Do men have the right to buy women for sex?
Men have a right to prostitutes? Really?
The male orgasm is unimaginably trivial in comparison to the human rights devastation that prostitution inflicts on whole swathes of the globe’s female population, writes Caroline Norma.
Amnesty International ran a Stop Violence Against Women campaign between 2004 and 2010 to hold governments to account “for their failure to protect women” and urge them “to live up to their duty to stop this violence”.
The organisation during this time lobbied hard for governments around the world to take a strong stand on issues like domestic violence, child marriage, reproductive rights, sexual violence in war, and the history of the Japanese military ‘comfort women’.
During the same period, though, Amnesty’s international secretariat was lobbied internally by some of its own branches to take a stand on issues of ‘men’s rights’. In particular, some of its UK members wanted the organisation to stand up for men’s right to buy women for prostitution.

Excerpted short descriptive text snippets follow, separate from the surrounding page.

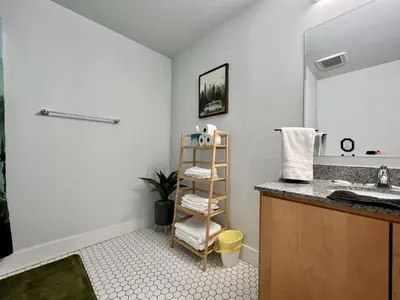 a bathroom with a sink and a shelf at Swanky loft at Historic Peters Cartridge Factory in Maineville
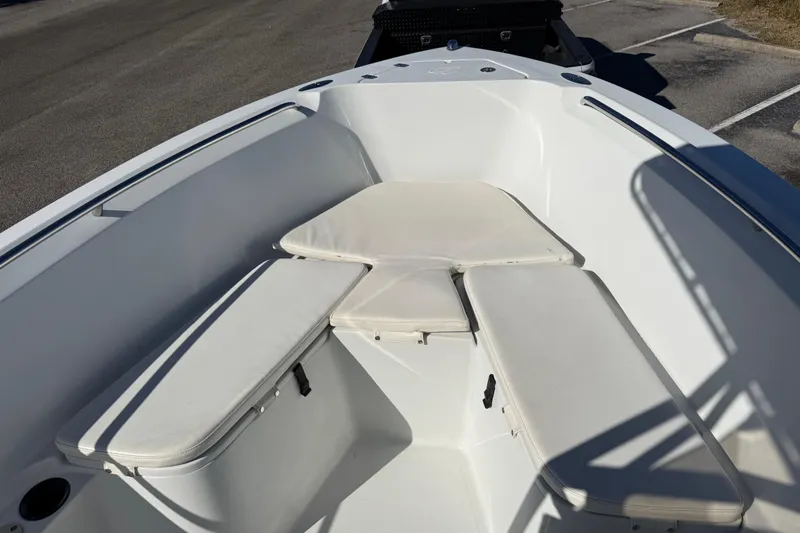 Slide: The Image of 2005 Sailfish 218 CC boat interior with cushioned seating and storage compartments. - 23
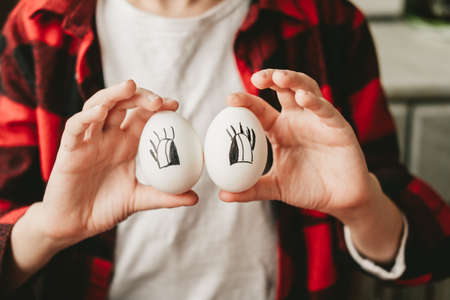 funny picture of a boy with eggs instead of eyes. Eggs with painted eyes. Preparing for Easter. Fun cooking with kidsの写真素材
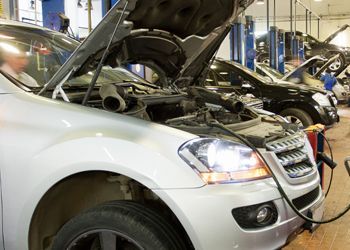 A car with its hood up is being charged in a garage.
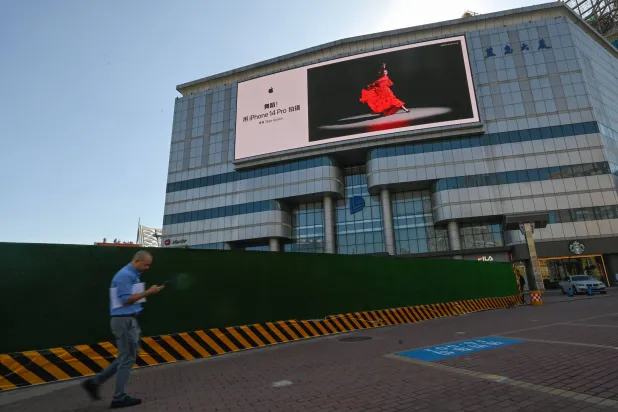 رجل يمر أمام إعلان لـ«آبل آيفون» في بكين في 12 سبتمبر 2023 (أ.ف.ب)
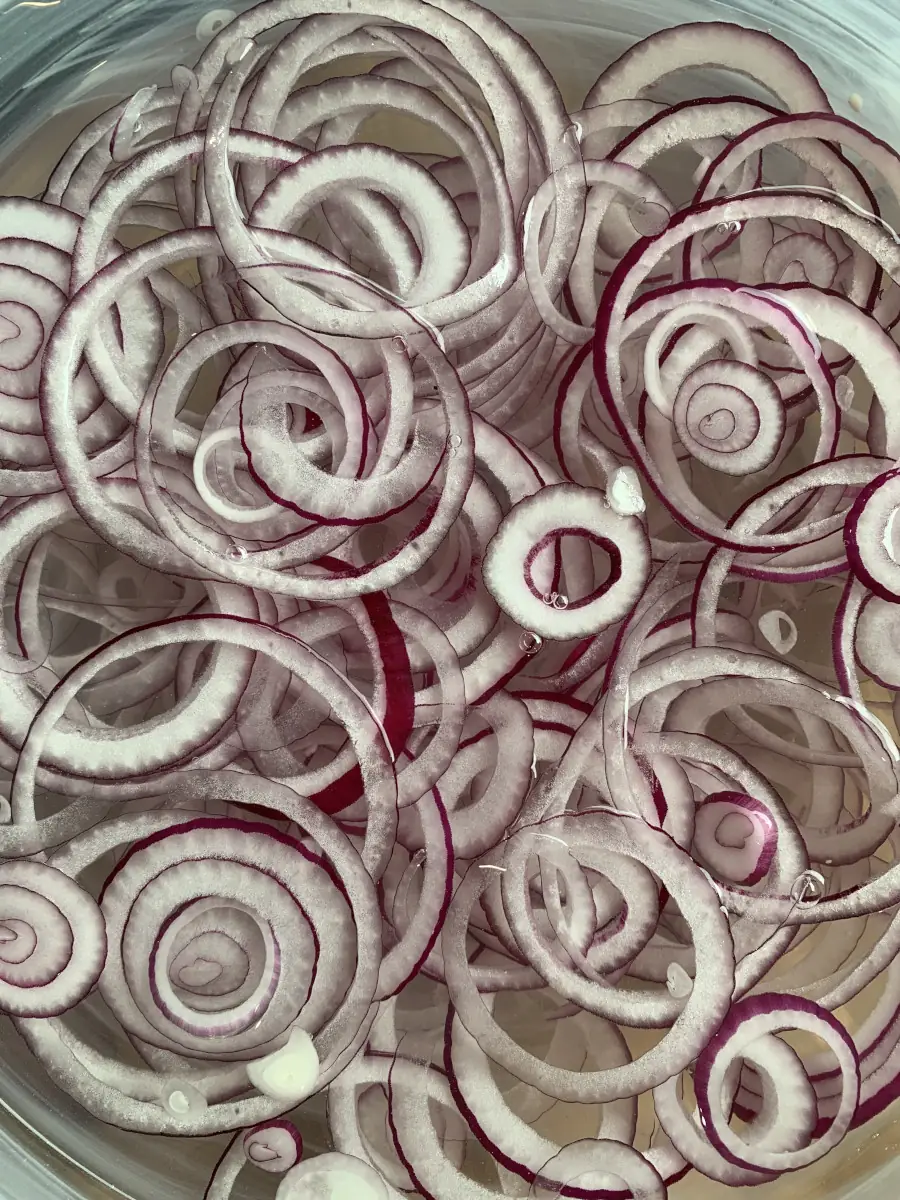 Slicing red onions with a sharp kitchen knife on a wooden cutting board.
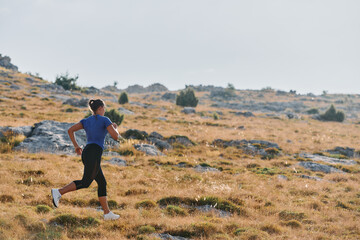 Empowered Runner Embracing Nature's Beauty on a Serene Morning Trail.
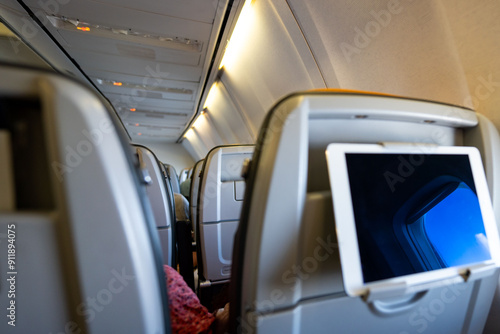 Using digital tablet in airplane for enertainment and work, no people photo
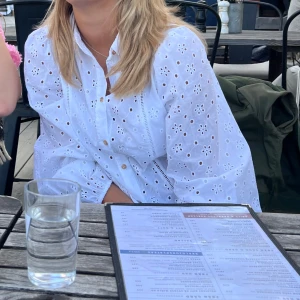 Vit broderad blus med knappar - Säljer en superfin vit blus med broderade blommor och snygga detaljer. Blusen har långa ärmar, knappar framtill och en lätt oversized passform. Perfekt att styla med jeans eller kjol för en fräsch look.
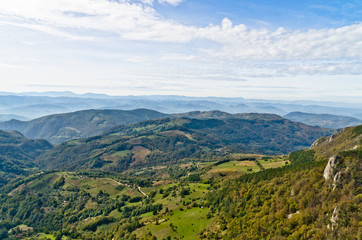 Fototapeta na wymiar Viewpoint on a landscape of mount Bobija, peaks, hills, meadows and green forests, west Serbia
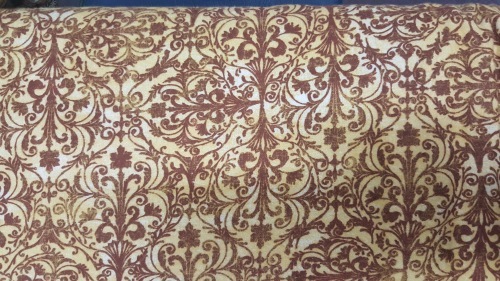 Windflower Flannel - Brown fleur de lis on gold background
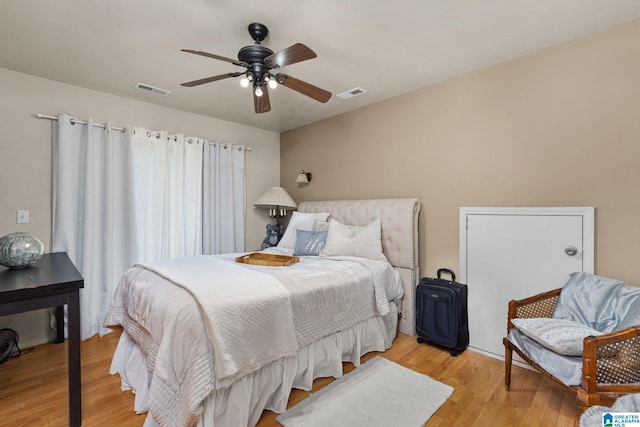 bedroom featuring light hardwood / wood-style flooring and ceiling fan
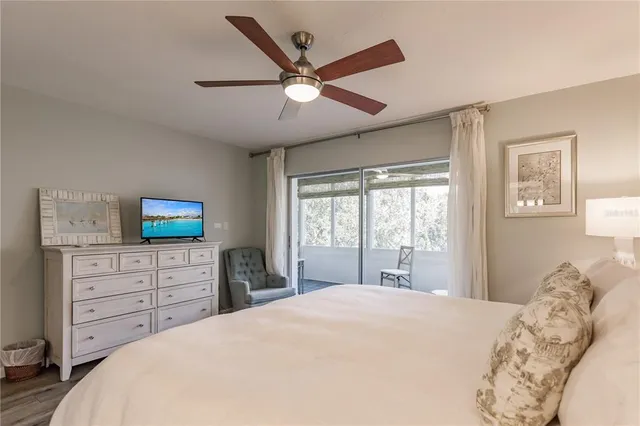 a bedroom with a large bed and a flat tv screen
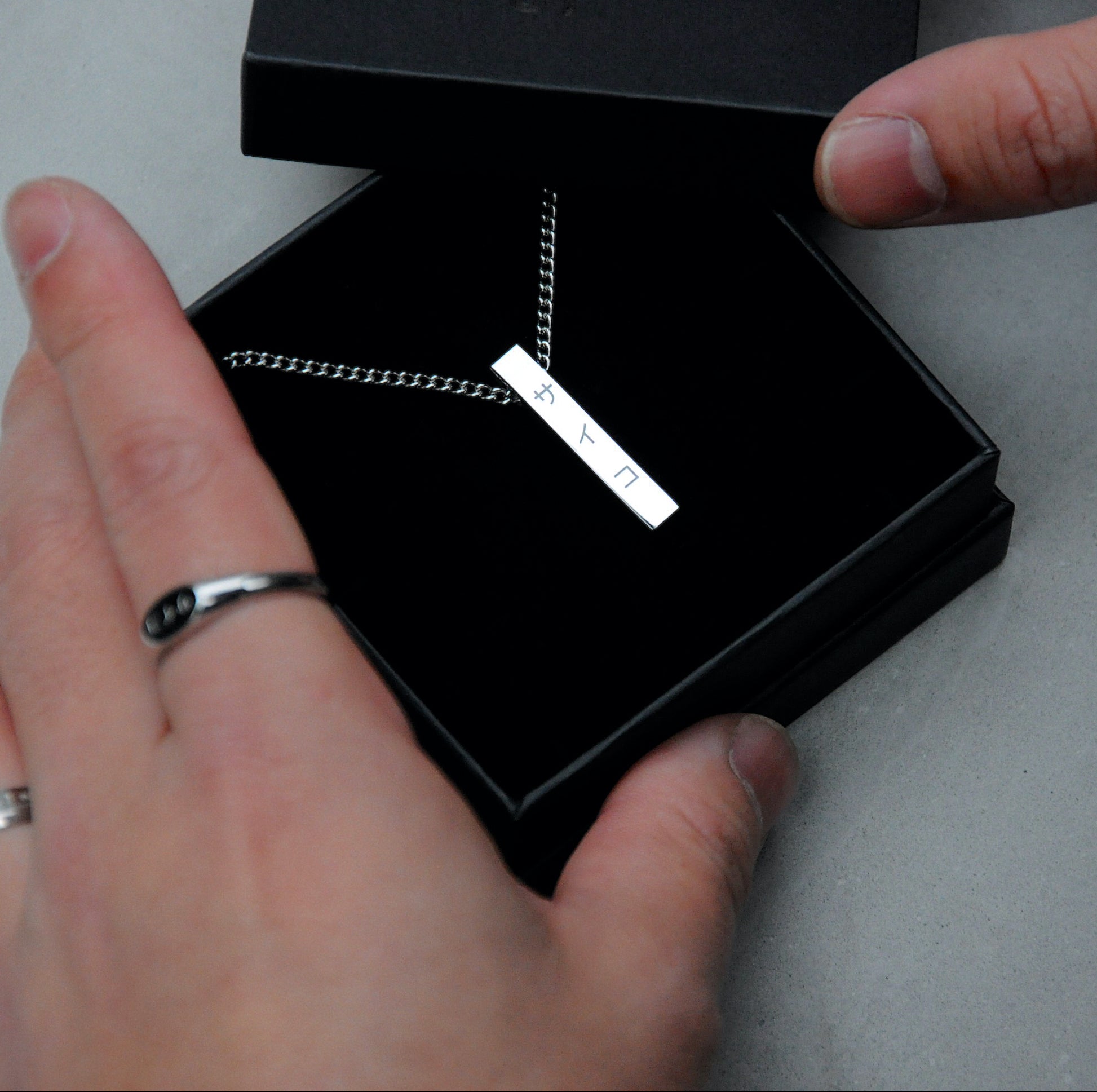 Unboxing a silver stainless steel 316L necklace with a vertical pendant and SAIKO logo form a black jewellery box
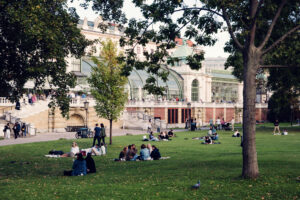 Visitantes sentados en el césped del Burggarten con el Palmenhaus al fondo.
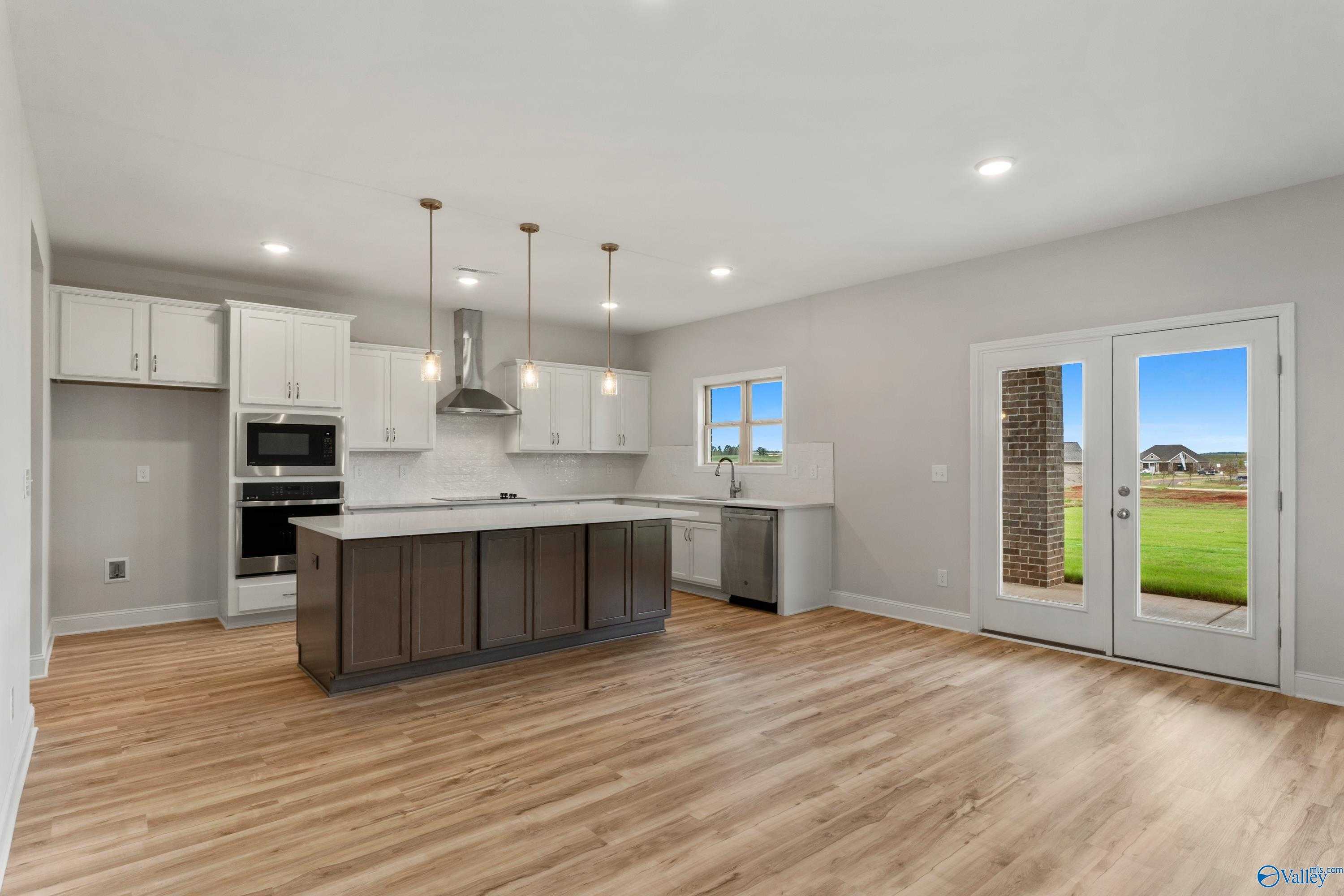Modern kitchen with white shaker cabinets, stainless steel appliances, and granite island in Davidson Homes The Chelsea C, Harvest, AL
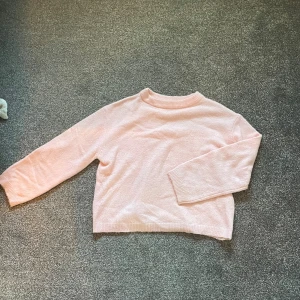 Ljusrosa stickad tröja från KappAhl - Mysig ljusrosa stickad tröja från KappAhl med rund hals och ribbade muddar. Jättefin tröja som passar till mycket! 
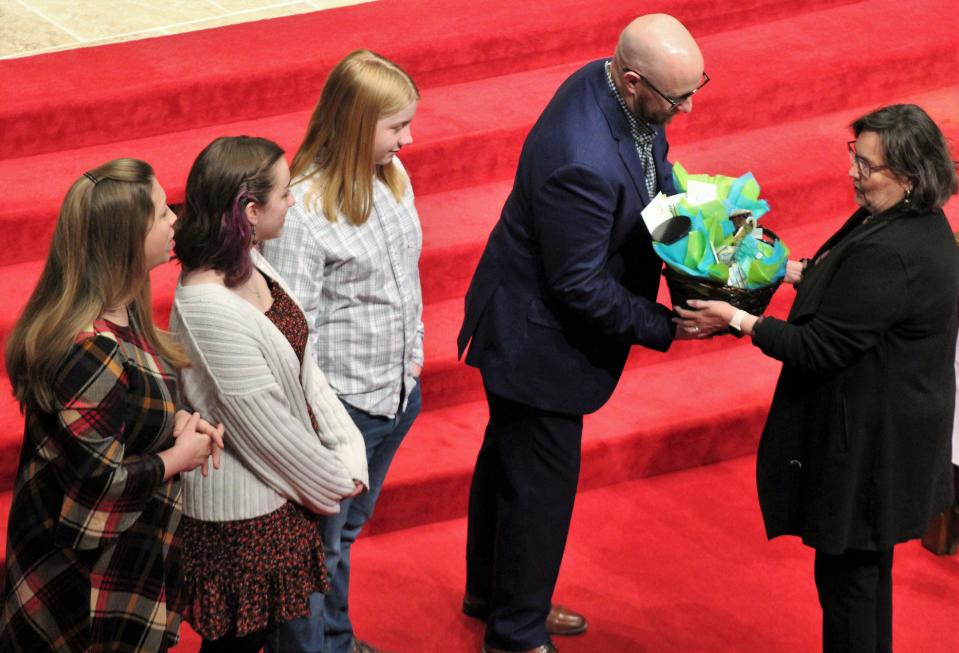 Karen Dansby, right, presents a gift basket to Brandon Hudson before he preaches for the first time Feb. 4 at First Baptist Church. The new senior pastor's family is to his right - wife Jill (from left), daughter Sophia and son Quinn.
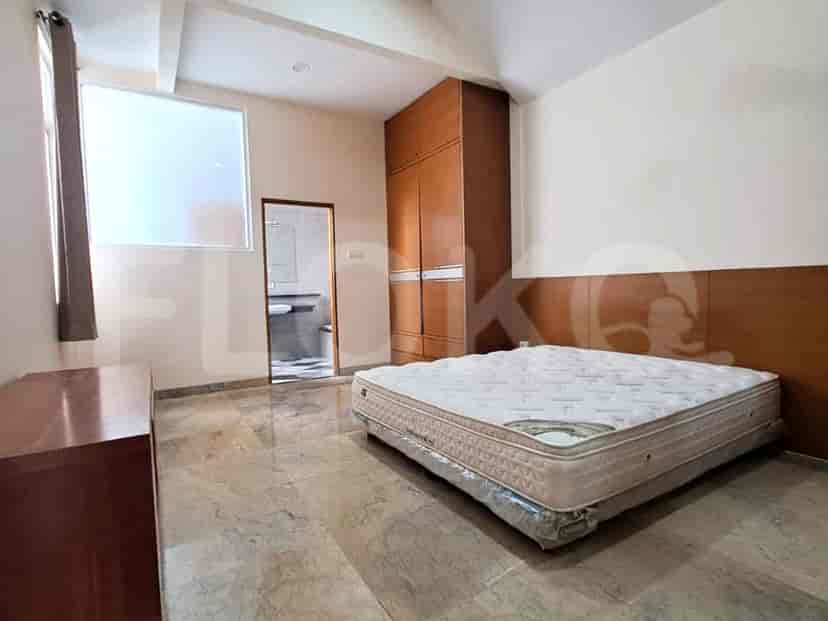 A bedroom with a queen-sized bed, wooden wardrobe, and a view of the ensuite bathroom.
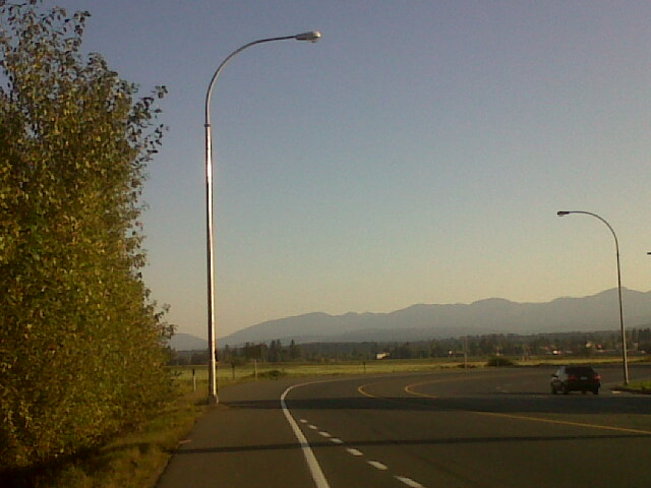 Sun setting on highway. Courtenay, British Columbia Canada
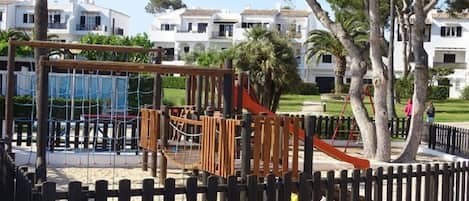 A playground with a wooden climbing structure and a slide, surrounded by a fence and palm trees.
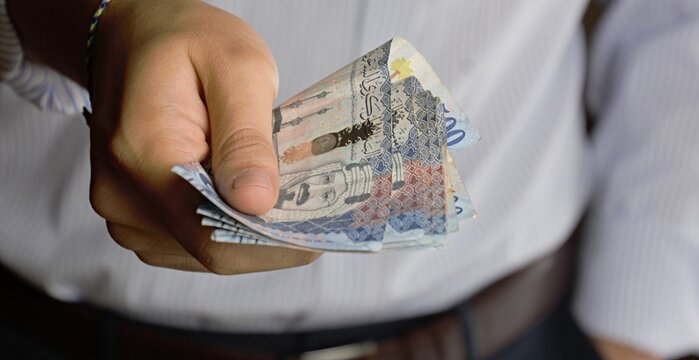 Close-up of a person holding a fan of Saudi Arabian 500 Riyal banknotes, financial and business concept.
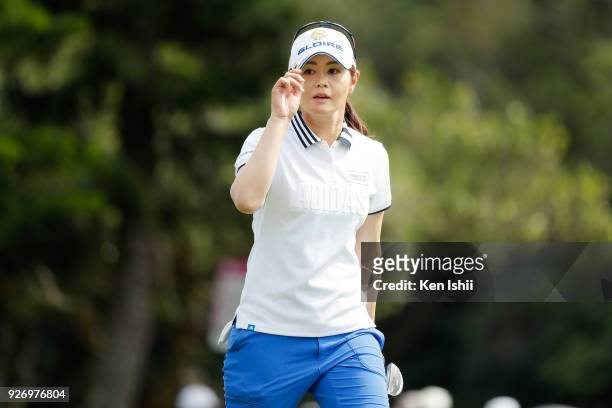 Shinobu Moromizato of Japan reacts aftre her putt on the 18th green during the final round of the Daikin Orchid Ladies at Ryukyu Golf Club on March...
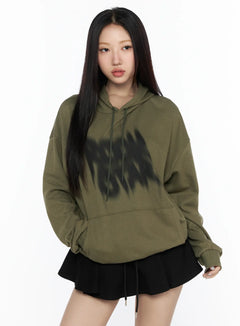 LEWKIN Graphic Oversized Hoodie CL524 Dark green front view on model wearing black mini skirt, blurred black graphic print on chest, drawstring hood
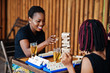 © AS Photo Family - Group of three african american friends play table games.
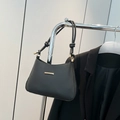 Elegant black shoulder bag with gold hardware and knotted strap for daily office wear - Black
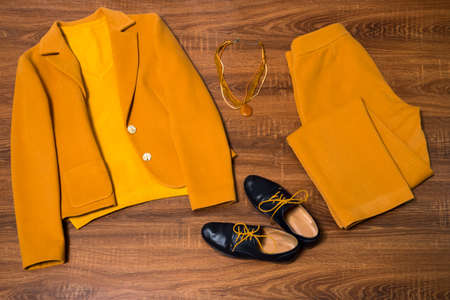 Set of stylish female clothes and accessories on wooden backgroundの写真素材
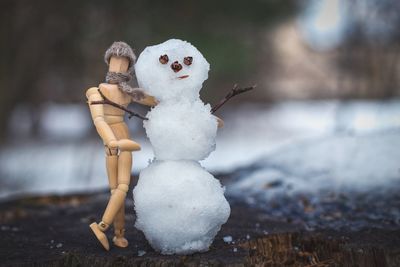 Close-up of wooden doll with snow art on field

News of this lobbying reached members only last year when the international secretariat released a series of ‘policy background’ documents intended to, it retrospectively explained, invite discussion among members globally on the issue of ‘prostitution and human rights’. Exactly whose human right to prostitution was at issue for the organisation was, however, made clear by the secretariat in its Decriminalization of Sex Work: Policy Background Document (2013):
Sexual desire and activity are a fundamental human need. To criminalize those who are unable or unwilling to fulfil that need through more traditionally recognized means and thus purchase sex, may amount to a violation of the right to privacy and undermine the rights to free expression and health.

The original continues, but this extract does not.